* What you need to do *
Set down the data below exactly; pictures stay out.

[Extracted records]
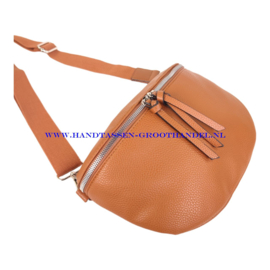 N30 Crossbody - Heuptas - Bumbag Flora & Co 3646 camel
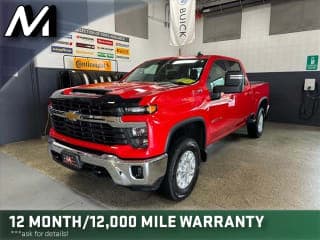 Chevrolet 2024 Silverado 2500HD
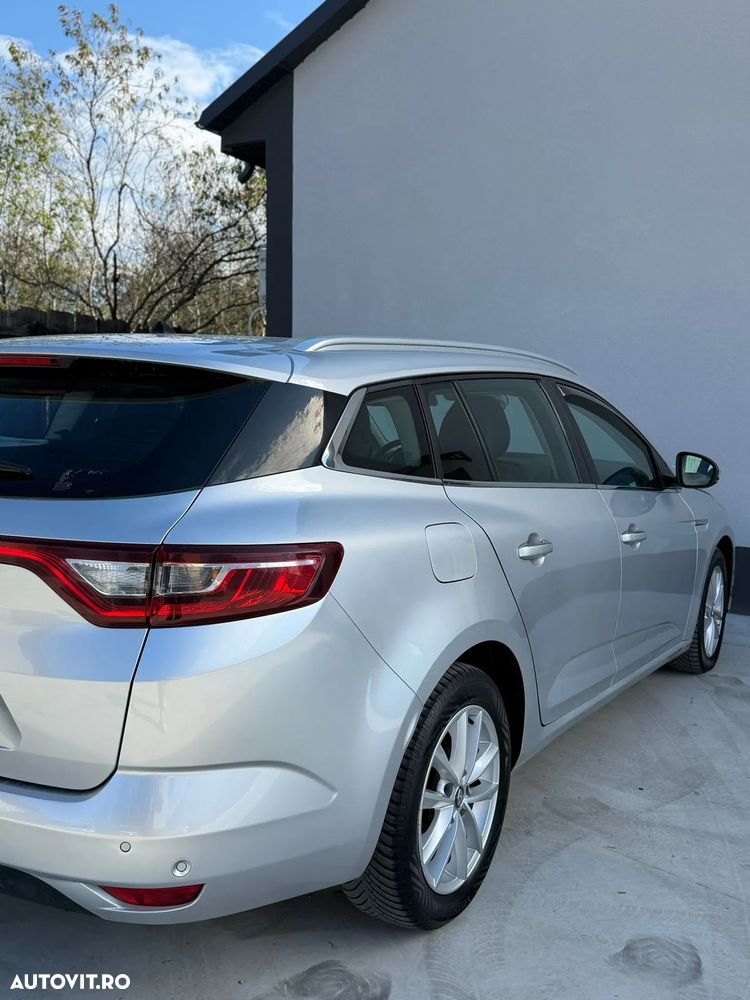 Renault Megane Grandtour ENERGY dCi 110 INTENS - 11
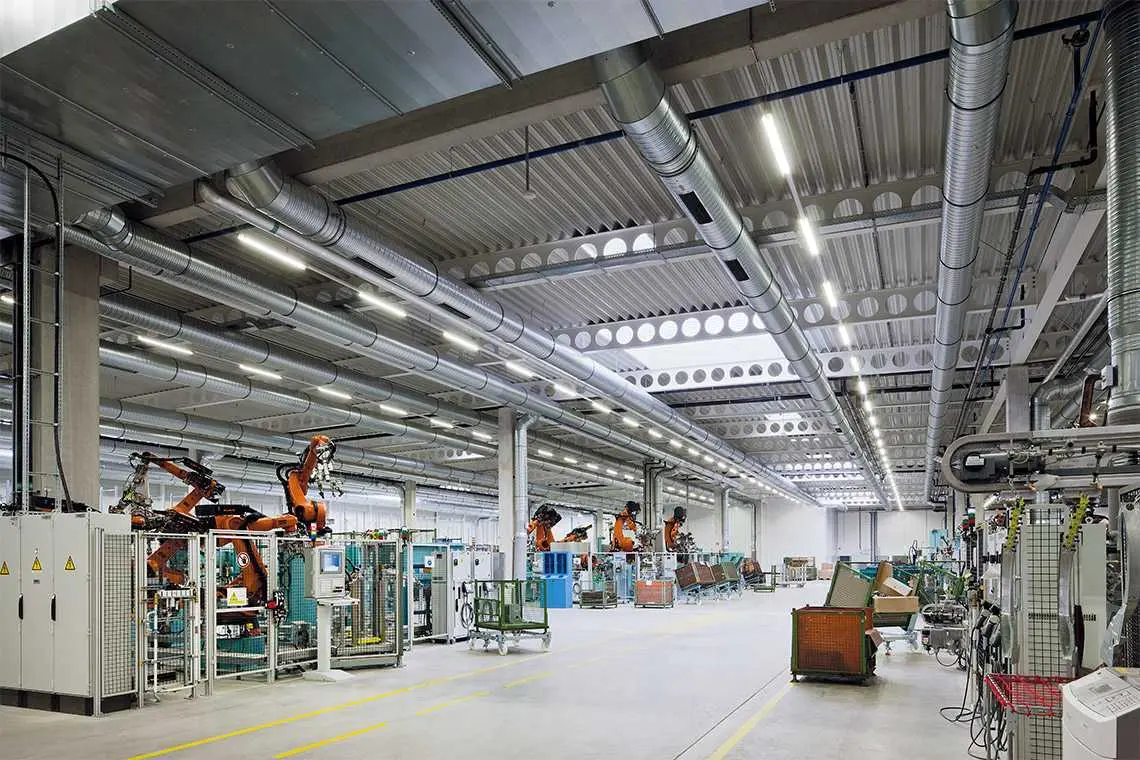 thi công điện nhà xưởng Đà Nẵng Triều Nguyễn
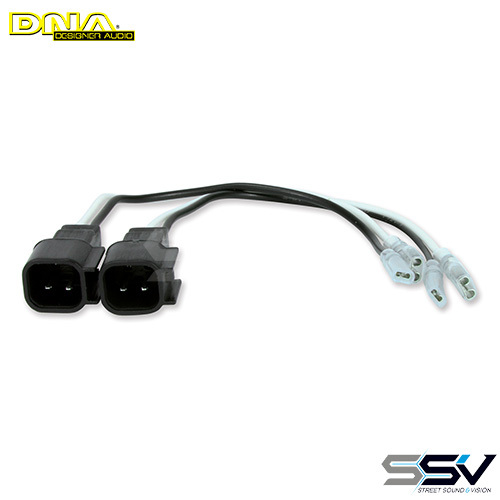 DNA ASH22 Speaker Harness To Suit Ford Mazda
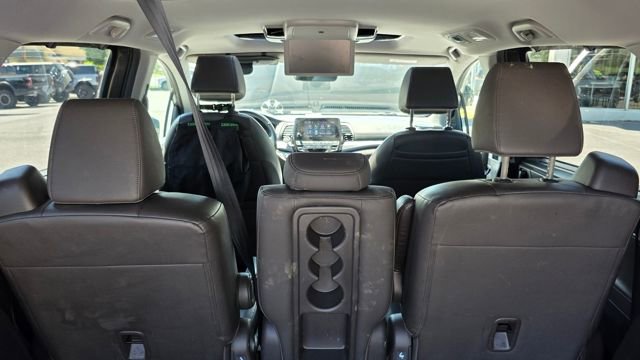 Used 2018 Honda Odyssey Elite image 4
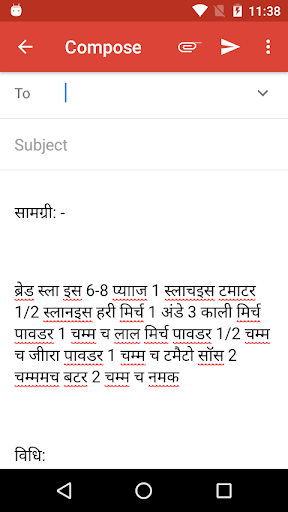 Fast Food Recipes in Hindi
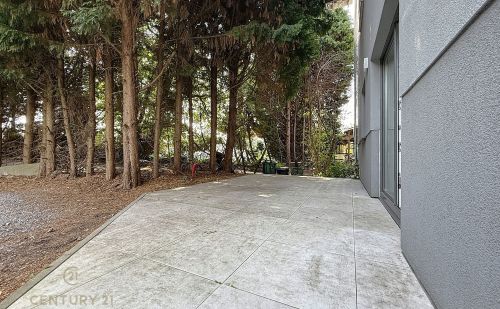 appartement de rez de chaussée avec terrasse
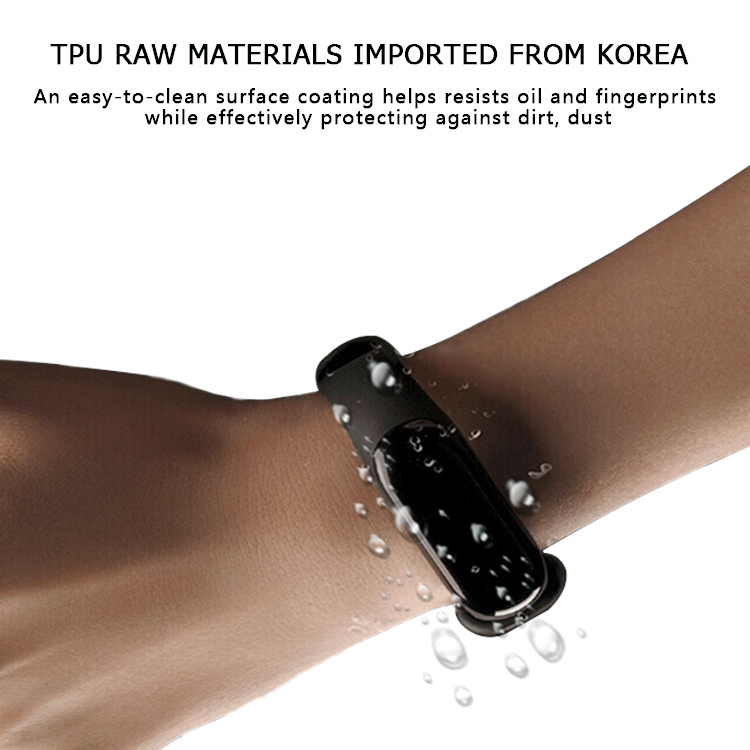 Водонепроницаемая защитная пленка для часов Waterproof watch screen protector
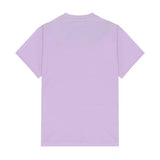 Barrow Kids T-Shirt Lilla con Stampa per Bambine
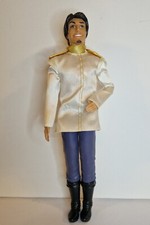 Disney Tangled Flynn Rider Mattel 2013 Prince Doll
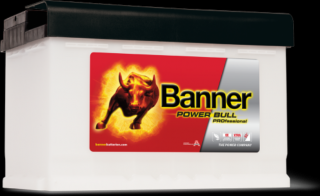 Banner Power Bull Professional 77Ah jobb+ P7740 akkumulátor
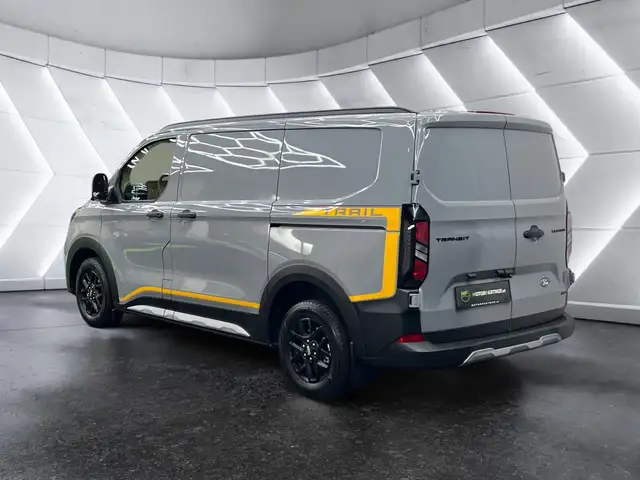 Ford Transit Custom L1 320  ALLRAD **TRAIL** 2 Schiebetüren Ansicht 3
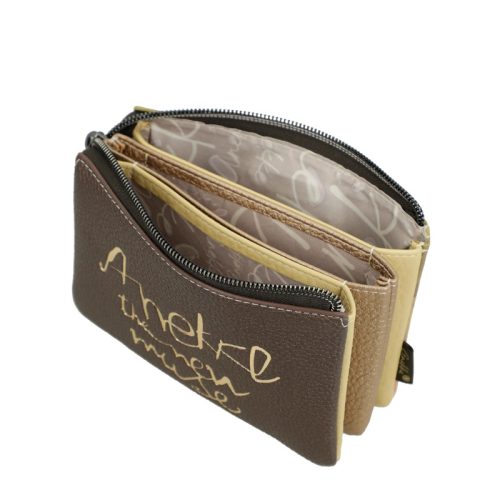 Anekke Bloom 42729-015 kicsi pénztárca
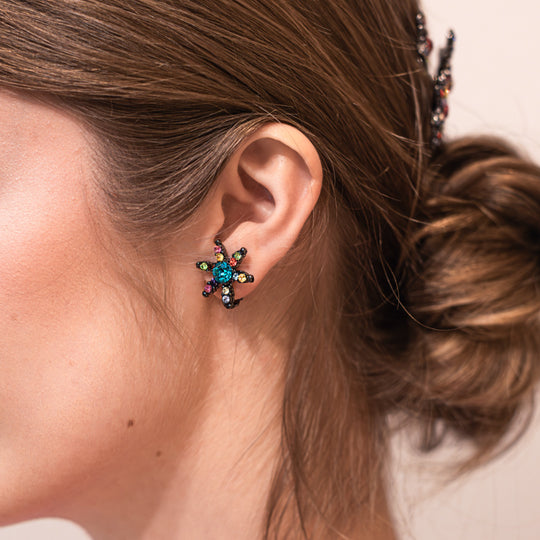 kleiner Stern-Ohrschmuck "Chiara"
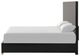 Furniture of America® Goldsberg 4-Piece Black/Gold Contemporary Queen Bedroom Set-4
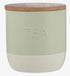 Typhoon Oben Tea Storage 1.25l Green General Storage The Cooks Kitchen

* Task output *
 N30 Crossbody - Heuptas - Bumbag Flora & Co 3646 camel
 Chevrolet 2024 Silverado 2500HD
 Renault Megane Grandtour ENERGY dCi 110 INTENS - 11
 thi công điện nhà xưởng Đà Nẵng Triều Nguyễn
 DNA ASH22 Speaker Harness To Suit Ford Mazda
 Used 2018 Honda Odyssey Elite image 4
 Fast Food Recipes in Hindi
 appartement de rez de chaussée avec terrasse
 Водонепроницаемая защитная пленка для часов Waterproof watch screen protector
 Barrow Kids T-Shirt Lilla con Stampa per Bambine
 Disney Tangled Flynn Rider Mattel 2013 Prince Doll
 Banner Power Bull Professional 77Ah jobb+ P7740 akkumulátor
 Ford Transit Custom L1 320  ALLRAD **TRAIL** 2 Schiebetüren Ansicht 3
 Anekke Bloom 42729-015 kicsi pénztárca
 kleiner Stern-Ohrschmuck "Chiara"
 Furniture of America® Goldsberg 4-Piece Black/Gold Contemporary Queen Bedroom Set-4
 Typhoon Oben Tea Storage 1.25l Green General Storage The Cooks Kitchen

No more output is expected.